Being a project manager is challenging. It requires the ability to organize events, people, and projects. Being a good project manager is difficult, but being a skilled project manager is close to impossible. It requires a deep understanding of project deadlines and how these align with the company’s goals. A project manager needs to manage their time efficiently while not micromanaging employees.

Avoid the Danger of Micromanagement

Understandably, project managers want to show that they are diligent when they are assigned a task. Many mistakenly think the only way to do this is to micromanage their team.

Instead of motivating their team, micromanaging makes a team feel like they are not trusted. It is uncomfortable to have someone constantly nagging you and breathing down your neck. It can make a project take longer than it should.

When deadlines are looming, some managers feel that by making their employees work over the weekend and refusing to give them nights off they will get the task done quicker. Usually, employees who are micromanaged feel burned out. They feel demotivated and want to quit. They will only do the bare minimum to get by. A great project manager avoids micromanagement as if it were the plague.

Identify and Evaluate Priorities

To be a good project manager, you need to separate the urgent from the important. If you see everything as if it were a disaster, you will not know where to direct your energy. Your employees will feel confused, and productivity will suffer.

It is difficult for project managers to distinguish between what is important and what is urgent. Project managers need the training to help them in this regard. Programs that offer the agile coaching certification can help project managers work in a way that allows them to complete all of their assigned tasks while helping their employees maintain a positive and upbeat spirit.

Effective Time Management Is Important

Great project managers see time management as priority number one. Some would argue that employees should be priority number one. However, a project manager who has learned how to effectively manage time is one who puts their employees first. They understand the importance of keeping a balance between working hard during work hours and allowing their employees to have free time and to live their life.

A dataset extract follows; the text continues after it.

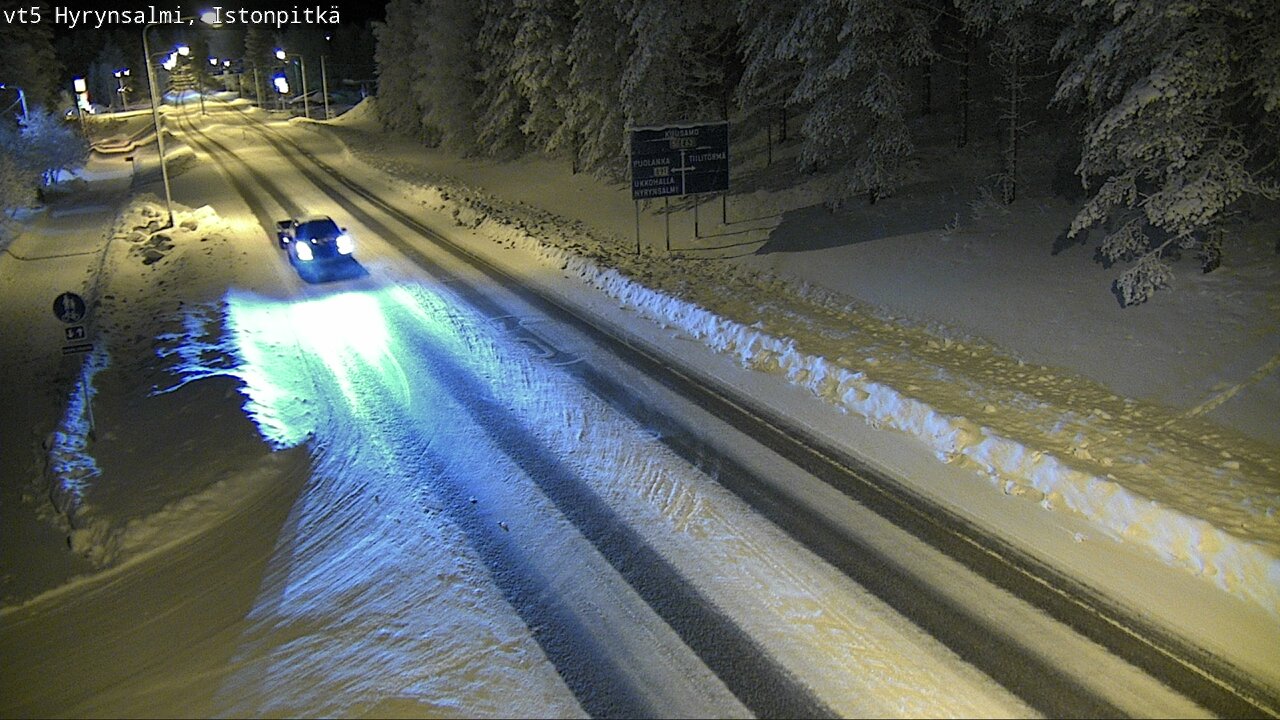 Kelikamerat Kuva Tie 5 Hyrynsalmi, Istonpitkä, Hyrynsalmi, Kainuu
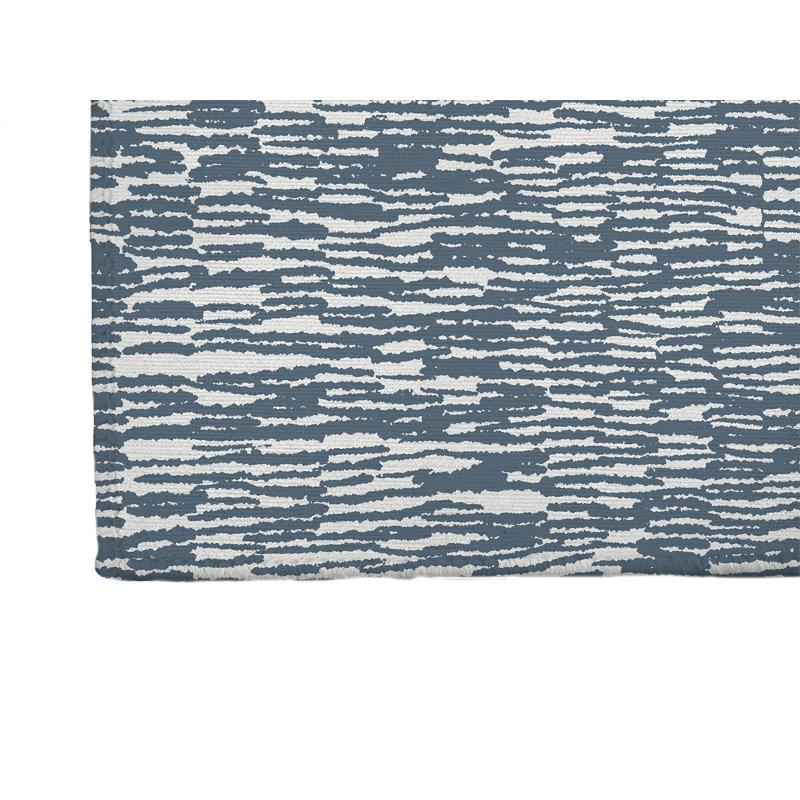 Paillasson Strands, Bleu, L 60 po x L 84 po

Project managers help employees get things done in a timely way without unnecessarily pressuring them. Employees are more efficient when work is given to them without there being an artificial time crunch put on them. Time management means being able to identify the strengths and weaknesses of each employee and assigning them tasks that they can accomplish in the most efficient way. Time management means giving employees targets that they can meet each day so that at the end of the day they have a sense of accomplishment.

Communication Is Key

A good project manager communicates well. They need to communicate with stakeholders and team members. This allows the project to be delivered on schedule.

A poor communicator promises stakeholders things that are impossible and then puts pressure on employees to complete tasks in an unrealistic timeframe. Poor communication creates problems with the team and with clients.

A good project manager understands that not everyone communicates in the same way. They use their familiarity with their team members and their clients to tailor their communication to make sure that the information they want to transmit gets across in a clear and understandable way.

You Need to Be a Psychologist

A project manager who does their job well can get into the minds of their employees. They know what their employees can and cannot deliver. They know how fast they can accomplish tasks and know what tasks their employees are good at and what tasks they are not good at.

They understand how to encourage employees to finish tasks they are good at and encourage them to persevere at tasks that they might not be the best at but that needs to be accomplished in order for the job to get done. This means that a good project manager will get to know the strengths and weaknesses of their team.

Conclusion

Good project managers bring out the best in their team. This allows them to deliver projects on time. With good communication, time management, and problem-solving skills, they help their team become the best they can be.